8Bs2/25p – OLG Linz Entscheidung
Kopf
Das Oberlandesgericht Linz hat durch die Richterinnen Mag. Reinberg als Vorsitzende und Mag. Haidvogl, BEd, sowie den Richter Mag. Grosser in der Strafsache gegen A* und B*wegen des Vergehens der Untreue nach § 153 Abs 1 und 3 erster Fall StGB und einer weiteren strafbaren Handlung bzw der Beteiligung hiezu nach §§ 12 dritter Fall, 153 Abs 1 und 3 erster Fall StGB über den Einspruch des B * gegen die Anklageschrift der Staatsanwaltschaft Wels, GZ1* (ON 16 in GZ2* des Landesgerichtes Wels), in nichtöffentlicher Sitzung entschieden:
Spruch
Der Einspruch wird abgewiesen.
Die Anklageschrift ist hinsichtlich B* rechtswirksam.
Text
Begründung:
Mit der genannten Anklageschrift legt die Staatsanwaltschaft Wels (ua) B* zur Last, er habe (B.) in ** zur Ausführung folgender Taten der A* wissentlich beigetragen, indem er ihr sein Konto für den Empfang der Überweisungen zur Verfügung stellte, und zwar dazu, dass A* in ** als Buchhalterin des Hotel- und Metzgereibetriebs C*
1. ihre Befugnis, über fremdes Vermögen zu verfügen, wissentlich missbraucht und dadurch D* und E* in einem EUR 5.000,00 übersteigenden Betrag am Vermögen geschädigt habe, indem sie ohne Rechtsgrund von den Konten des Hotel- und Metzgereibetriebs C* Überweisungen auf [unter anderem] das Konto von B* bei der F* Bank AG tätigte, und zwar:
1.2.1. am 6. November 2017 eine Überweisung in der Höhe von EUR 802,79;
1.2.2. am 3. Oktober 2018 eine Überweisung von EUR 2.239,22;
1.2.3. im Jahr 2019 Überweisungen in Höhe von insgesamt EUR 6.261,89;
1.2.4. im Jahr 2020 Überweisungen in Höhe von insgesamt EUR 6.604,23;
1.2.5. im Jahr 2021 Überweisungen in Höhe von insgesamt EUR 11.628,76;
1.2.6. im Jahr 2022 Überweisungen in Höhe von insgesamt EUR 7.278,41;
1.2.7. im Jahr 2023 Überweisungen in Höhe von insgesamt EUR 14.702,23;
1.2.8. am 15. Jänner 2024 eine Überweisung in Höhe von EUR 8.187,65.
Rechtliche Beurteilung
Gegen diese Anklageschrift richtet sich der Einspruch des B* (ON 20), der nicht berechtigt ist.

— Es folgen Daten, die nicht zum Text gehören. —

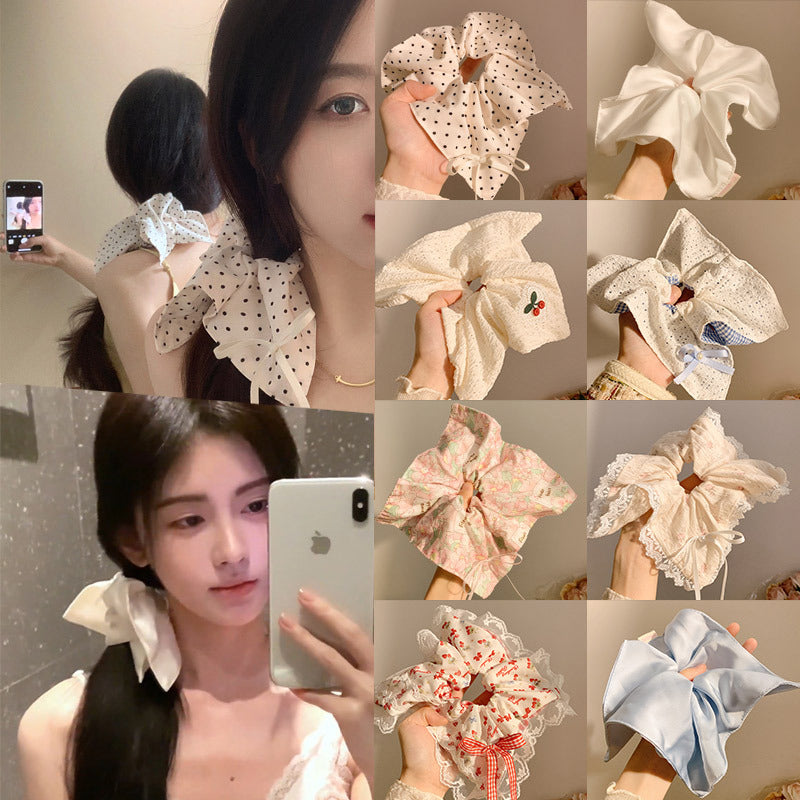 Korean Lace Square Scarf & Oversized Hair Ring – High-Grade Hair Accessory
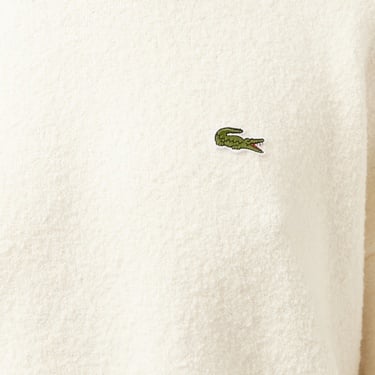  Lacoste Kadın Loose Fit Bisiklet Yaka Çizgili Krem Kazak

Gemäß § 212 StPO steht einem Angeklagten gegen die Anklageschrift Einspruch an das Oberlandesgericht zu, wenn
1. die ihm zur Last gelegte Tat nicht mit gerichtlicher Strafe bedroht ist oder sonst ein Grund vorliegt, der die Verurteilung des Angeklagten aus rechtlichen Gründen ausschließt,
2. Dringlichkeit und Gewicht des Tatverdachts trotz hinreichend geklärten Sachverhalts nicht ausreichen, um eine Verurteilung des Angeklagten auch nur für möglich zu halten und von weiteren Ermittlungen eine Intensivierung des Verdachts nicht zu erwarten ist,
3. der Sachverhalt nicht soweit geklärt ist, dass eine Verurteilung des Angeklagten nahe liegt,
4. die Anklageschrift an wesentlichen formellen Mängeln leidet (§ 211 StPO),
5. die Anklageschrift ein für die angeklagte Straftat sachlich nicht zuständiges Gericht anruft,
6. die Anklageschrift ein örtlich nicht zuständiges Gericht anruft,
7. der nach dem Gesetz erforderliche Antrag eines hiezu Berechtigten fehlt oder
8. die Staatsanwaltschaft das Verfahren zu Unrecht nachträglich gemäß § 205 Abs 2 StPO oder § 38 Abs 1 oder 1a SMG fortgesetzt hat.
Voraussetzung einer Anklageerhebung ist gemäß § 210 Abs 1 StPO das Naheliegen einer Verurteilung aufgrund ausreichend geklärten Sachverhalts; die Anklage ist beim sachlich und örtlich zuständigen Gericht einzubringen.
Gemäß § 212 Z 1 StPO kann gegen eine Anklageschrift Einspruch erhoben werden, wenn die zur Last gelegte Tat nicht mit gerichtlicher Strafe bedroht ist oder sonst ein Grund vorliegt, der die Verurteilung des Angeklagten aus rechtlichen Gründen ausschließt.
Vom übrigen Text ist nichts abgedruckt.